Azzedine Taïbi, le maire de Stains, reçoit des menaces de mort

  • «Regarde bien sur les côtés, en haut et en bas, car on va venir te crever quand tu ne t’y attendras pas»: c’est l’un des messages reçus par l’élu de la République
  • Des élus, des militants politiques, syndicaux, associatifs et de nombreux Stanois se sont rassemblés pour dénoncer les menaces et les injures racistes adressées au maire de la ville

PARIS: Azzedine Taïbi, le maire communiste de Stains, une ville de 40 000 habitants située dans le département de la Seine-Saint-Denis, a essuyé des insultes et reçu des menaces de mort. «En 2014, lors de ma première élection, je recevais de temps en temps un courrier raciste ou menaçant. Je n’y prêtais pas attention. On sait qu’il y a des racistes… Cela me passait au-dessus», explique le maire de Stains dans une déclaration publique.

Mais, face à la recrudescence des insultes – «bougnoule», «profiteur», «sale race», «parasite», «terroriste» – et des menaces, le maire a décidé de saisir le procureur de la République. «Regarde bien sur les côtés, en haut et en bas, car on va venir te crever quand tu ne t’y attendras pas»: c’est l’un des messages reçus par l’élu de la République à la fin du mois d’août dernier.

Facteur déclenchant

Ces menaces se sont multipliées depuis l’inauguration, en présence du maire de la ville de Stains, de la fresque en hommage à George Floyd et Adama Traoré, le 18 juin dernier.

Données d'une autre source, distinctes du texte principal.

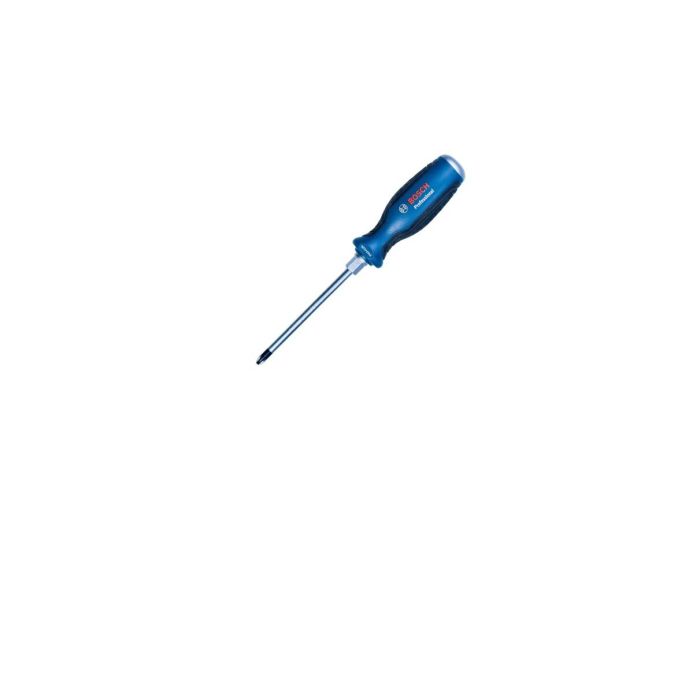 B1600A01TG3-1.jpg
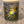 Load image into Gallery viewer, Sunflowers and Humming Birds Stained Glass Candle Jar with Tea Light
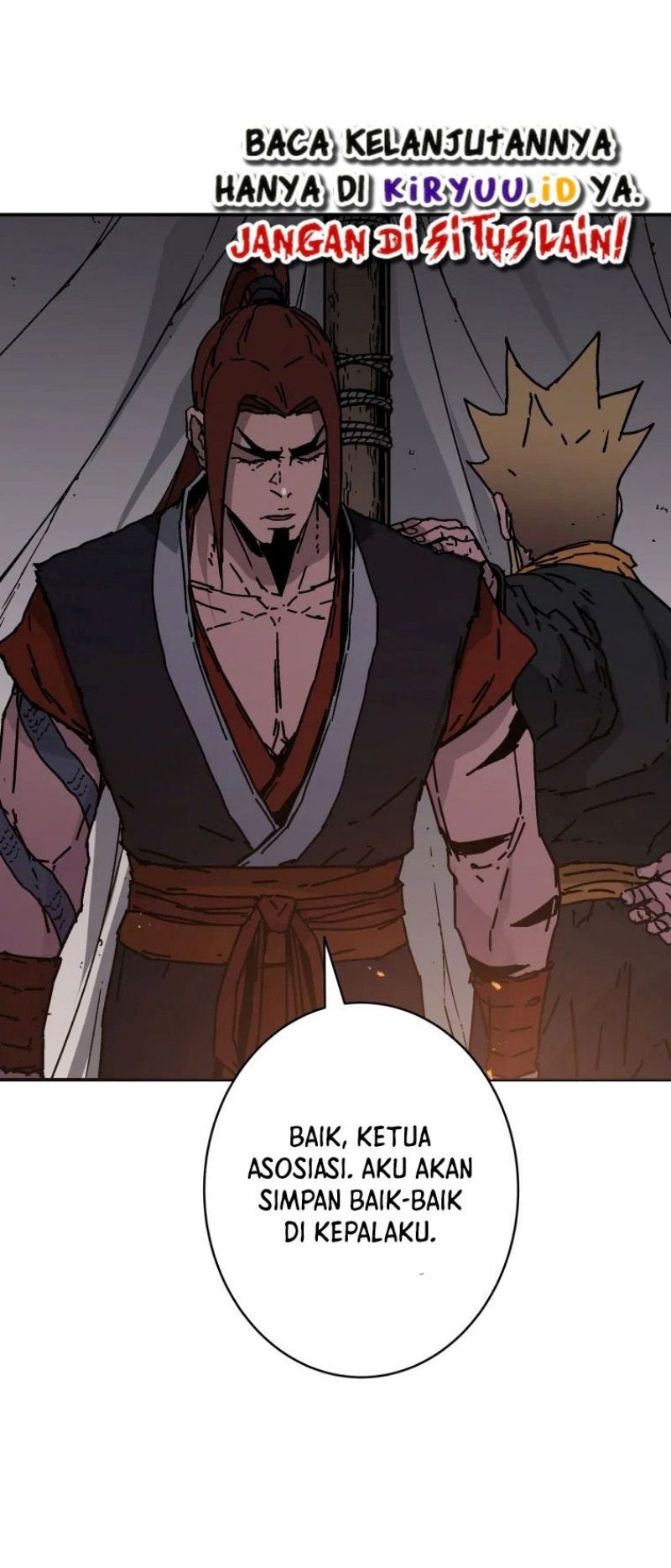 Chapter 225 - halaman 51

Surmontée de la formule «contre le racisme et les violences policières», la fresque a été vandalisée par des inconnus le 4 juillet dernier; elle a été restaurée depuis.

«Les violences policières sont une réalité réaffirmée dans de nombreux rapports officiels d’Amnesty International, de la Ligue des droites de l’homme (LDH) ou bien du Défenseur des droits», avait expliqué Azzedine Taïbi. «Les gardiens de la paix, dans la grande majorité, exercent leurs missions de service public avec dévouement et sacrifice.» Mais, ajoute-t-il, «passer sous silence le tabou des violences policières ne rend service à personne, ni à la population, ni aux policiers».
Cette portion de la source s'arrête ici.